About this exercise> Exactly as they stand, give the records below again, with no images.

(Short web captions)
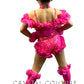 Hot Pink One Piece with Open Midriff and Rufffles - Rhinestones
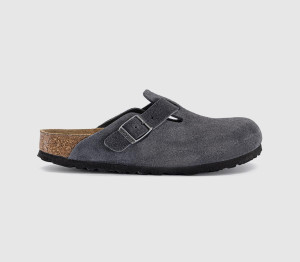 Birkenstock Womens Boston Clogs Charcoal Suede Black, 4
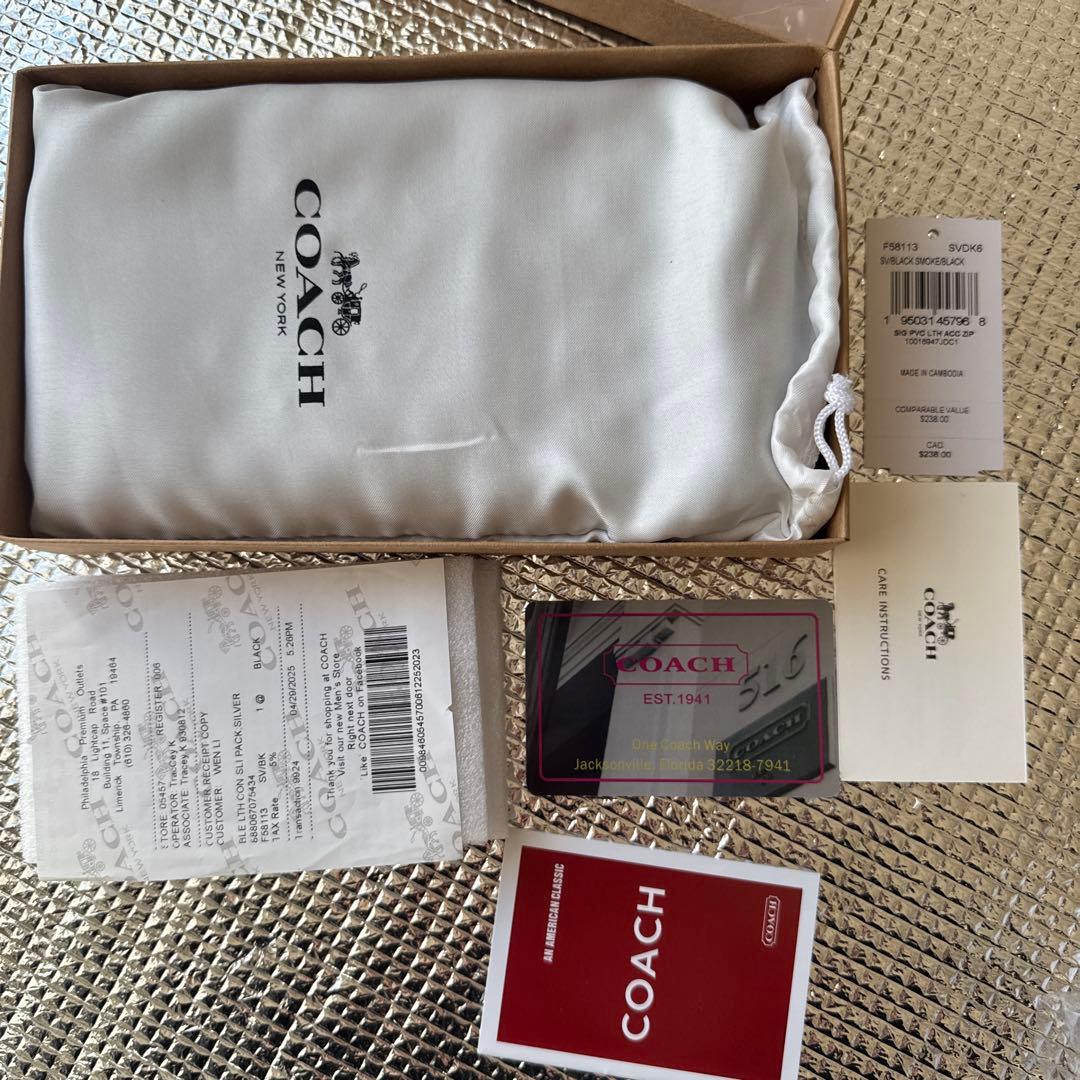 COACH ブラックレザー長財布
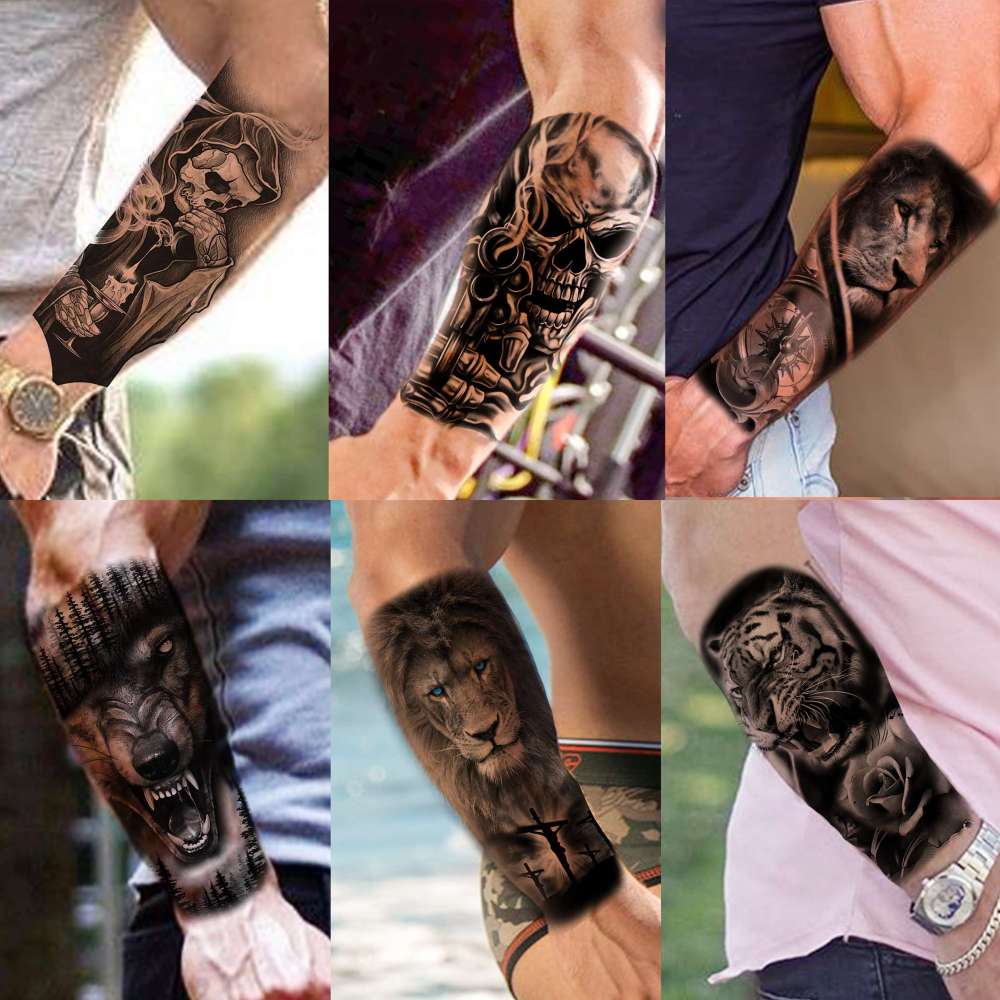 69 Sheets 3D Realistic Tiger Lion Temporary Tattoos For Women Forearm Men Arm, Half Sleeve Wolf Owl Skull Skeleton Waterproof Fake Tattoos For Adults Thigh, Black Animal Bulk Tattoo Sticker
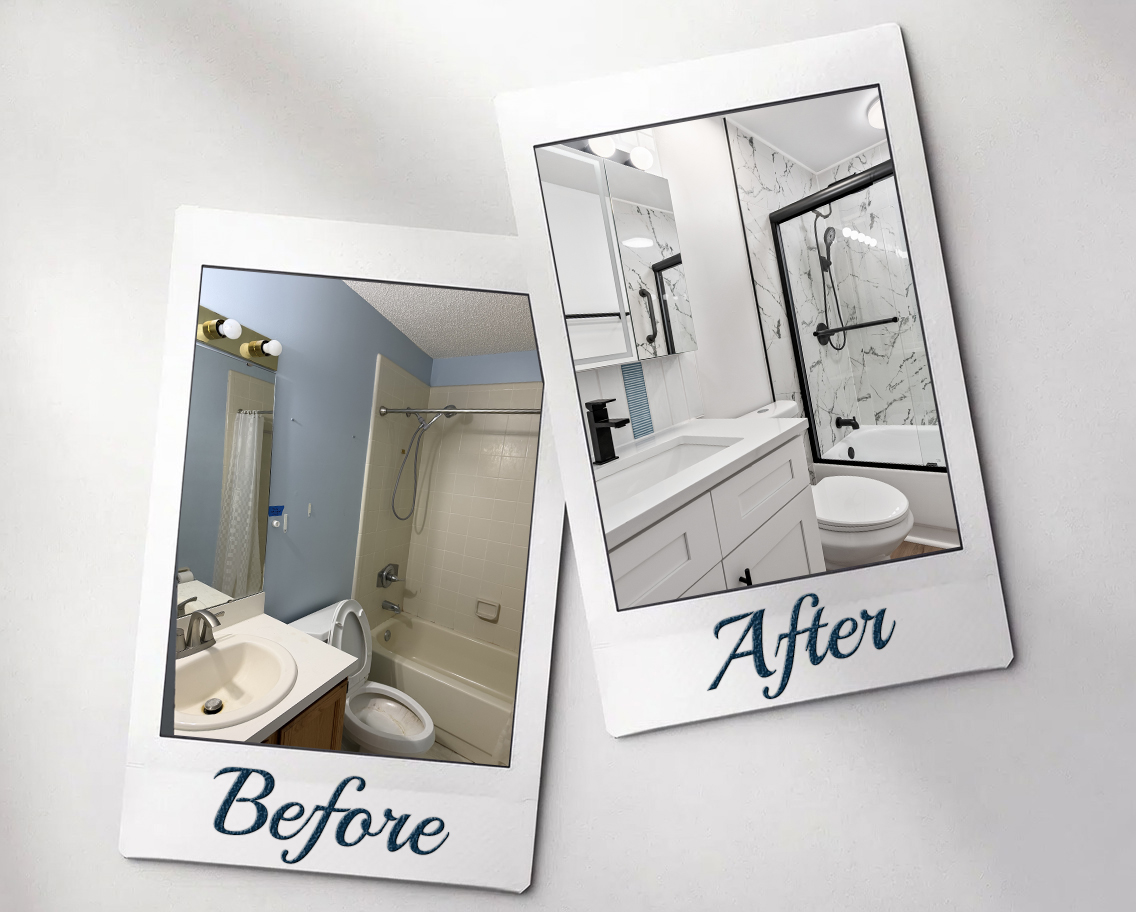Complete bathroom renovation before and after
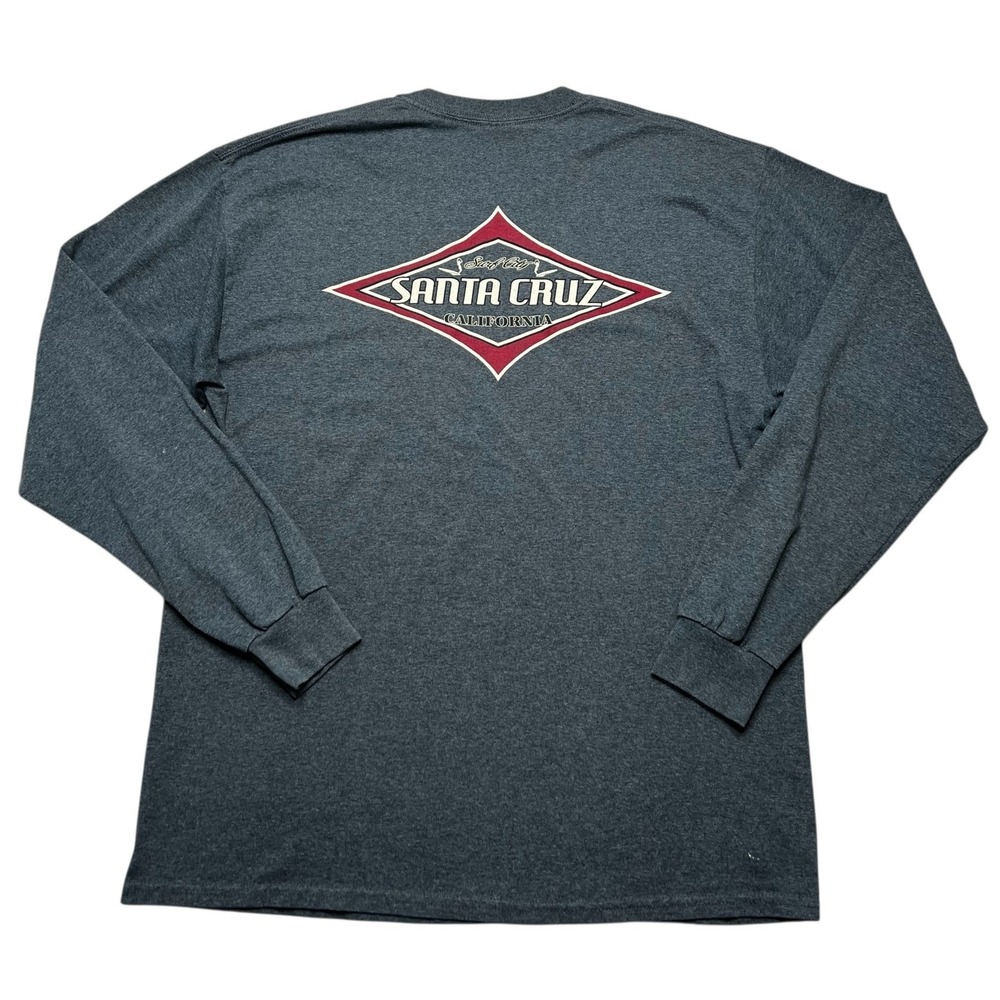 Santa Cruz T-Shirt Mens Large Gray‎ Long Sleeve Surf City California Y2K Skate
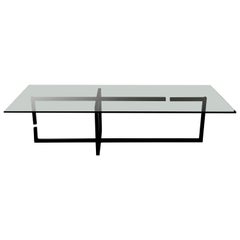 Coffee Table Modern Dynamic Gap Blackened Steel Waxed Finish Smoked Grey Glass 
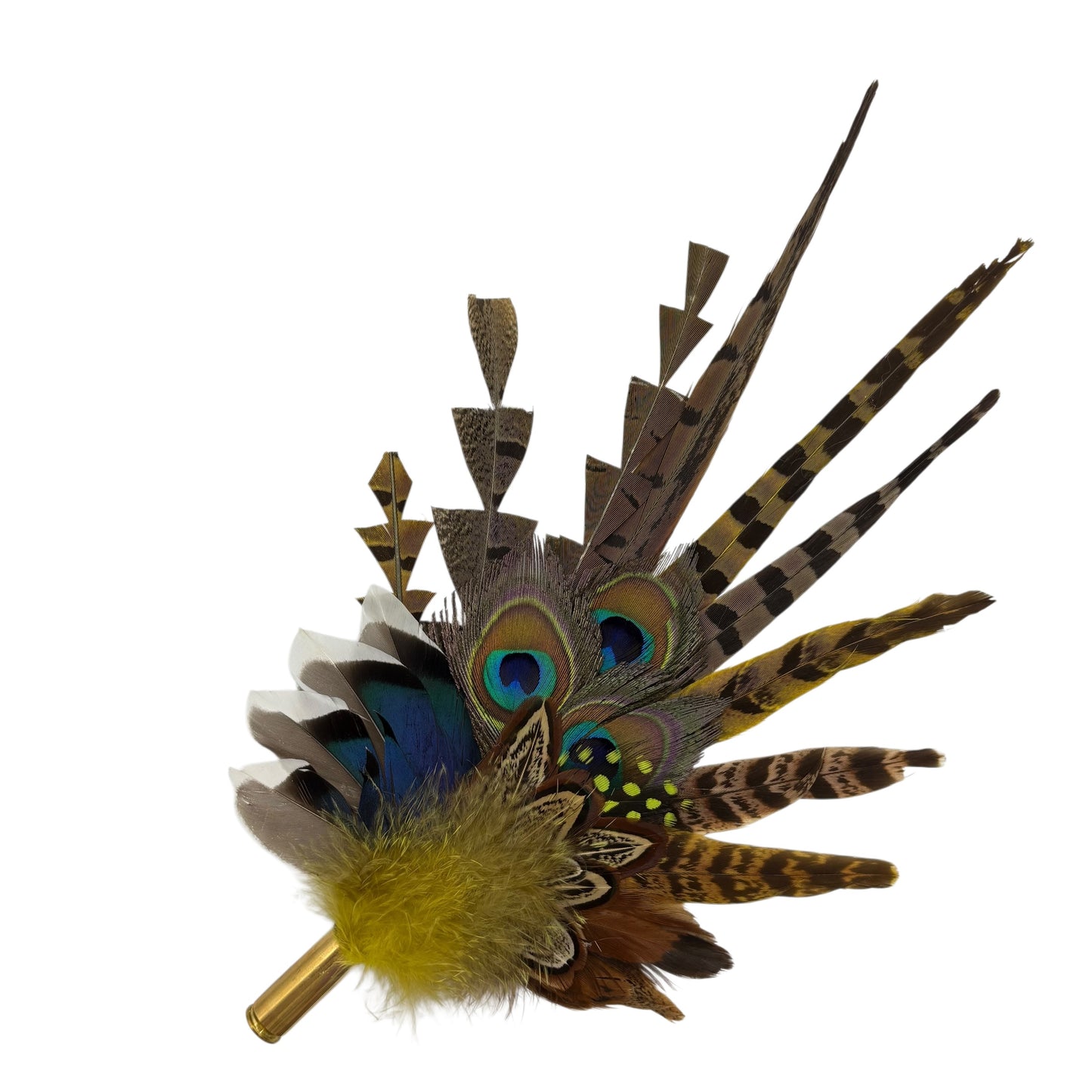 Gold, brown, blue & natural Feather Hat Pin (CFP807)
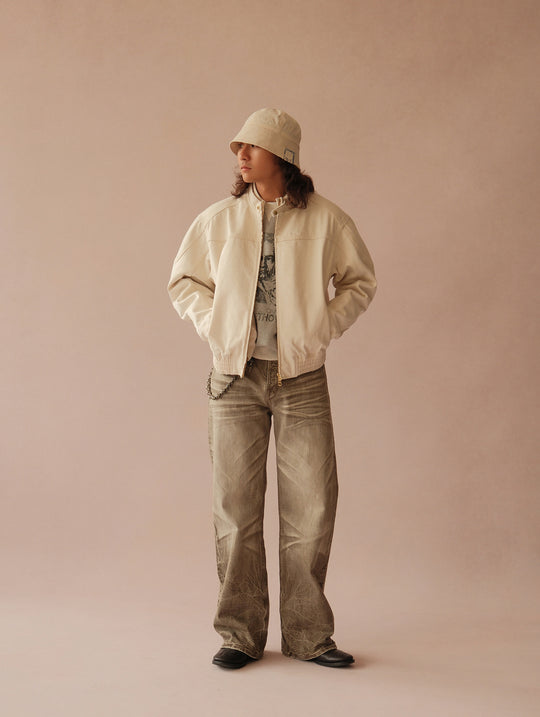 Motorcycle-Style White Denim Harrington Jacket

Solution for this exercise>
 Hot Pink One Piece with Open Midriff and Rufffles - Rhinestones
 Birkenstock Womens Boston Clogs Charcoal Suede Black, 4
 COACH ブラックレザー長財布
 69 Sheets 3D Realistic Tiger Lion Temporary Tattoos For Women Forearm Men Arm, Half Sleeve Wolf Owl Skull Skeleton Waterproof Fake Tattoos For Adults Thigh, Black Animal Bulk Tattoo Sticker
Complete bathroom renovation before and after
 Santa Cruz T-Shirt Mens Large Gray‎ Long Sleeve Surf City California Y2K Skate
 Coffee Table Modern Dynamic Gap Blackened Steel Waxed Finish Smoked Grey Glass 
 Gold, brown, blue & natural Feather Hat Pin (CFP807)
 Motorcycle-Style White Denim Harrington Jacket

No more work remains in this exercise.